The two seem to have acquiesced, and Brisker strode toward the paddy wagon only to cling to the back doors with all his might and declare hell no, he wasn’t going. A scuffle broke out. Brisker sprained his ankle, Trojanowski spent time in the intensive care unit, and Sadio had a large welt on his head. 

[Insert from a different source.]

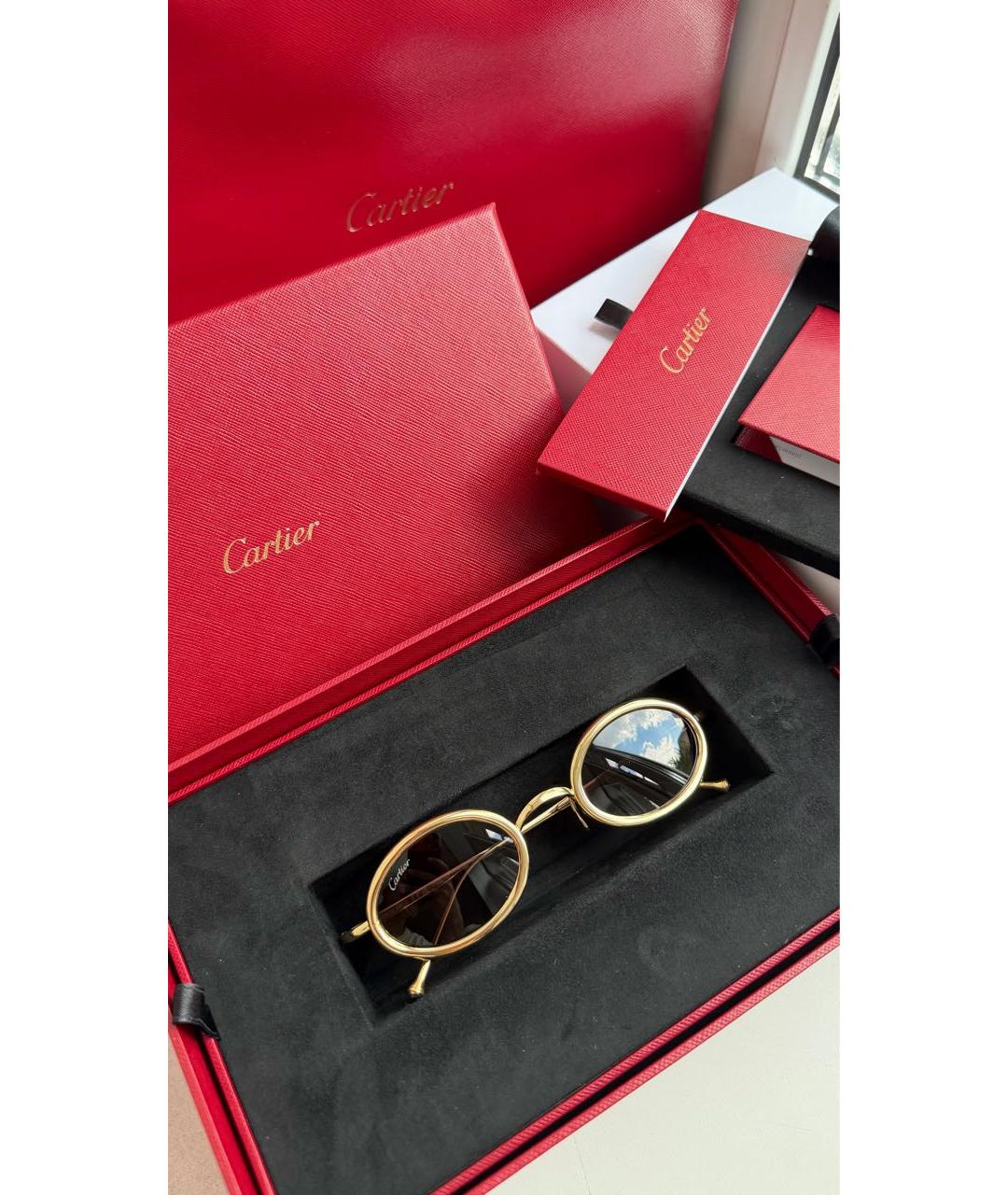 CARTIER Золотые металлические солнцезащитные очки, фото 2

And so it went for John Brisker. Even life’s most-mundane moments could escalate quickly into pitched, life-or-death battles. In Pittsburgh, his teammates loved to tell the story of Brisker tussling with a teammate during practice, then racing off to the locker room to retrieve his pistol. Thankfully, somebody talked him down. In Seattle, where Brisker jumped  to the NBA, his coach Bill Russell quickly learned to despise him. Though nobody knows the reason for sure (Russell never spoke about it), the popular consensus is it started with a dispute over a woman. Russell tried—and eventually succeeded—in destroying Brisker’s basketball career. And, of course, things escalated fatally for Brisker after basketball when he moved to Uganda.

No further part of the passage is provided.